28 Haziran 2000 21:00

Bu ses burada kalmayacak

Bu ses burada kalmayacak
Özlem Ergun
Adnan Özyalçıner, Alpay Kabacalı, Burhan Günel, Cengiz Bektaş, Kemal Özer, Prof. Dr. İzzetin Önder, Rutkay Aziz, Egemen Berköz, Engin Ayça, Şükran Kurdakul'un dahil olduğu bir grup aydının girişimiyle başlatılan ve pazartesi günü düzenlenen bir toplantı ile kamuoyuna duyurulan 'Emperyalist Kültür Kuşatmasına Karşıyız' başlıklı bildiriye imza koyanlardan Şair Bedrettin Aykın, aydınlar olarak ilk sesi kendilerinin çıkarması gerektiğini ifade ederek, "Bu ses burada kalmayacak" diye konuştu.

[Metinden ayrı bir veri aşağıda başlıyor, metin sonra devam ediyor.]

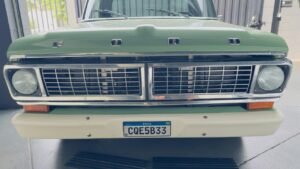 Grade modelo Original Nacional - Faróis simples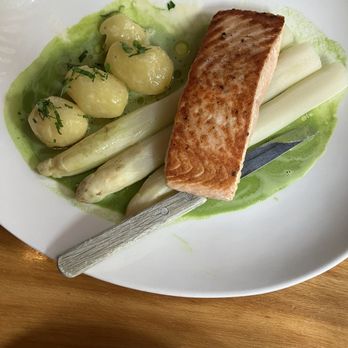 Cafe Katja - White Asparagus with Hot Smoked Salmon & Potato - German Near Me - New York, New York Cafe Katja - White Asparagus with Hot Smoked Salmon & Potato - German Near Me - New York, New York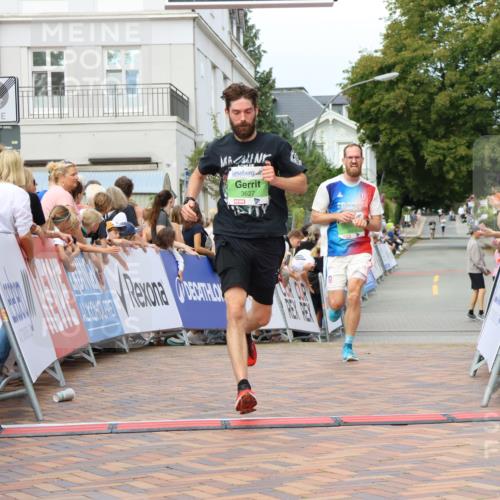 31.08.2025 - 21. Blankeneser Heldenlauf Strokosch-Dieckow http://msf.ph/oto/8673523 31.08.2025 10:51:43 Ziel 3627, 3021 meine-sportfotos.de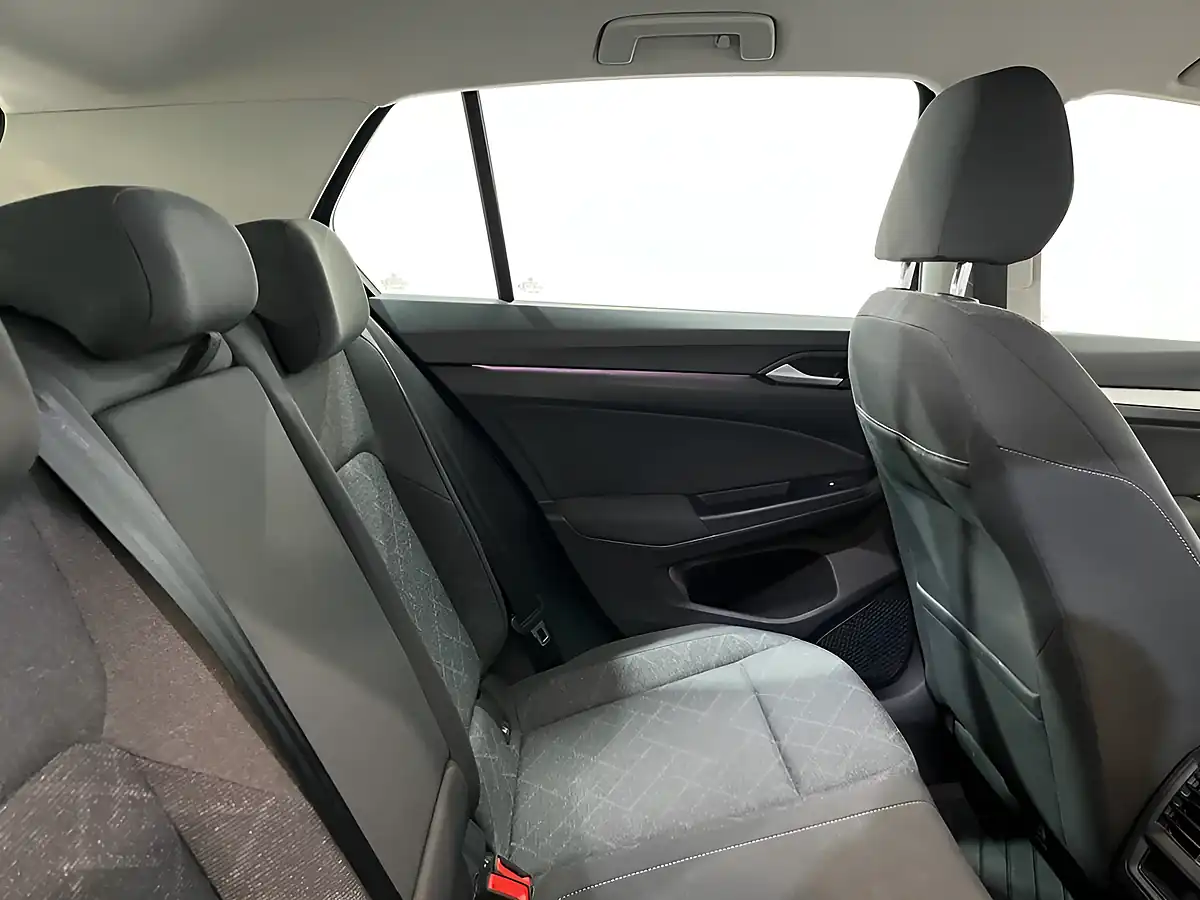 Used 2020 Volkswagen Golf Life Black - Interior and Exterior details 19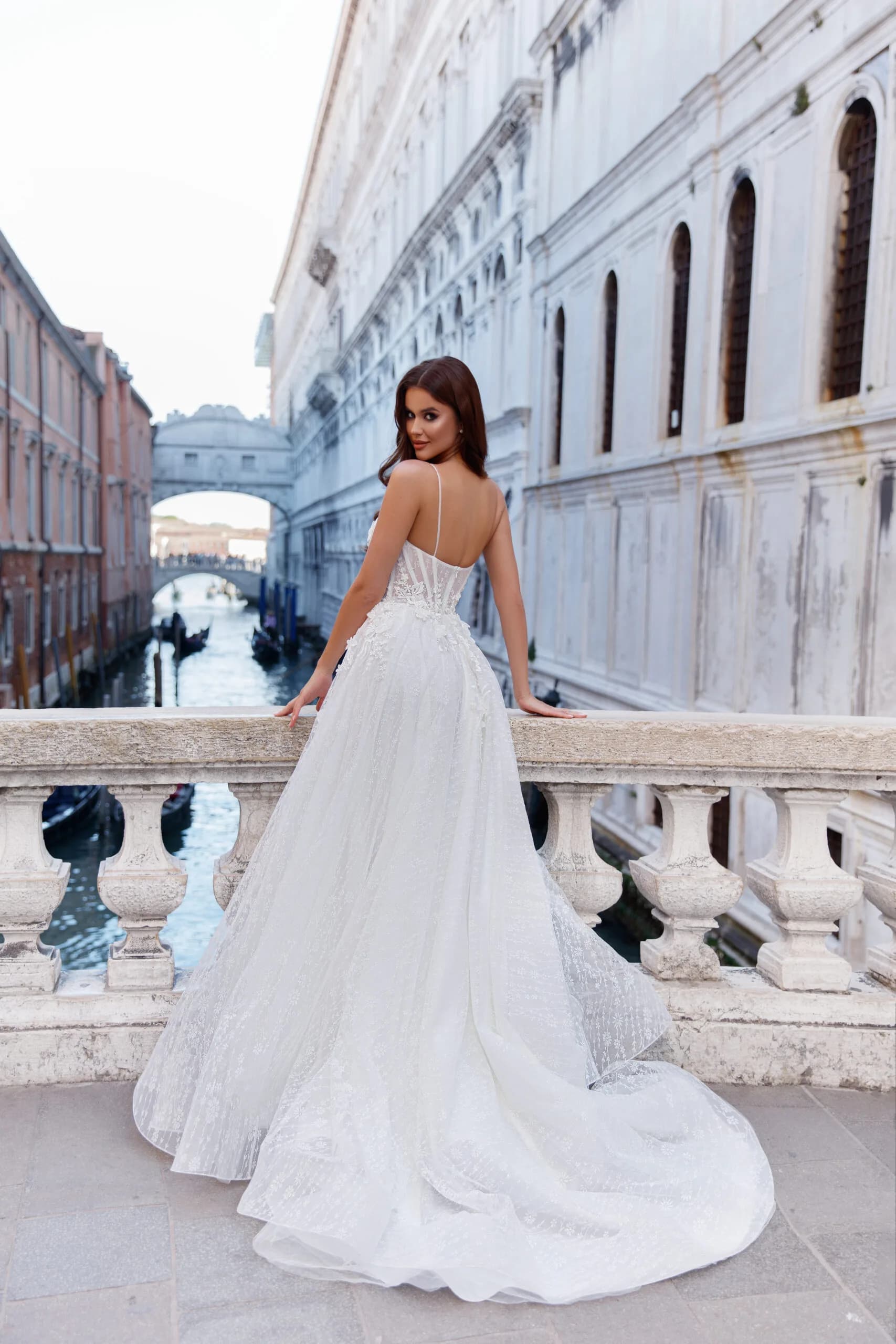 Brautkleid mit Corsage und langer Schleppe, Rückenansicht – CARUSO Solothurn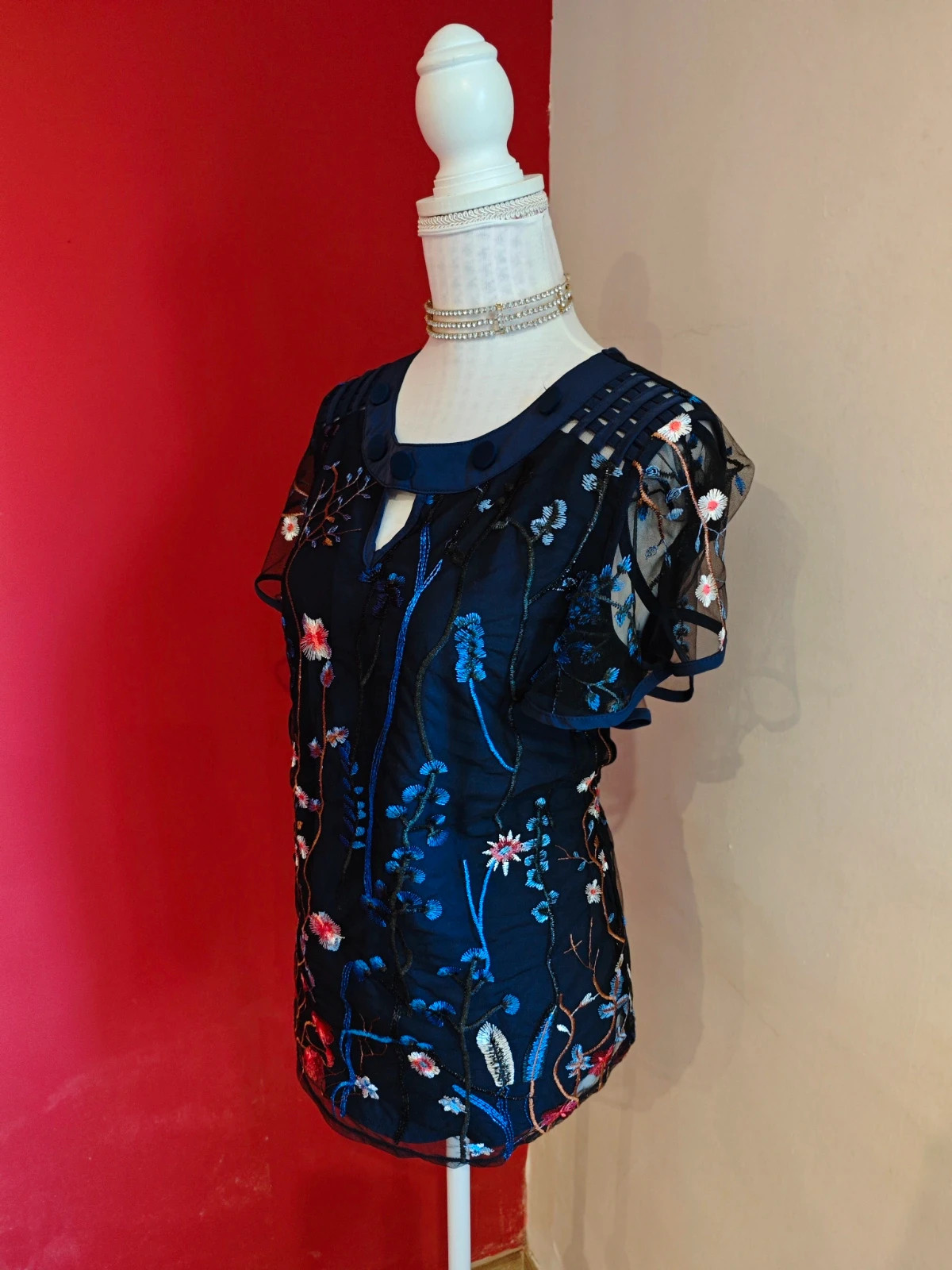 🌺Preciosa blusa de gaza azul marino con bordados florales – Vintage – taille XL / 42 / 14 2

Aykın, herkesin günlük yaşamında tanık olduğu, artık tahammül sınırlarını aşan bir kirlenme, bir kültür saldırısı ile karşı karşıya olunduğuna dikkat çekerek. "Aydınlar olarak ilk sesi bizim çıkarmamız gerekiyordu. Tabii bu ses burada kalmayacak. Her gün tanık olduğumuz şeylerin anında üzerine gidilme kararının alınması çok güzel bir şey. Zaten insanların şimdiye kadar yaptığı buydu, bugün burada yapılan ise bu bireysel tepkinin örgütlenmesi" dedi.
Gelecekten ümit kesilmez
Bildirinin girişimcilerinden Şair Şükran Kurdakul da, Anadolu topraklarının emperyalizme karşı mücadelede önemli bir geçmişe sahip olduğunu aktararak; "Anadolu'nun çocukları emperyalizme karşı savaşın ne olduğunu hayata geçirdiler. Tahkim yasasıymış mahkim yasasıymış sökmez... Kısa vadede söker gibi görünür, uzun vadede sökmez. Bu da bizim bilincimizi silah gibi kullanmamıza bağlıdır. Sizlerin var olduğu bir ülkenin, bir Türkiye'nin geleceğinden ümit kesilemez" diye konuştu.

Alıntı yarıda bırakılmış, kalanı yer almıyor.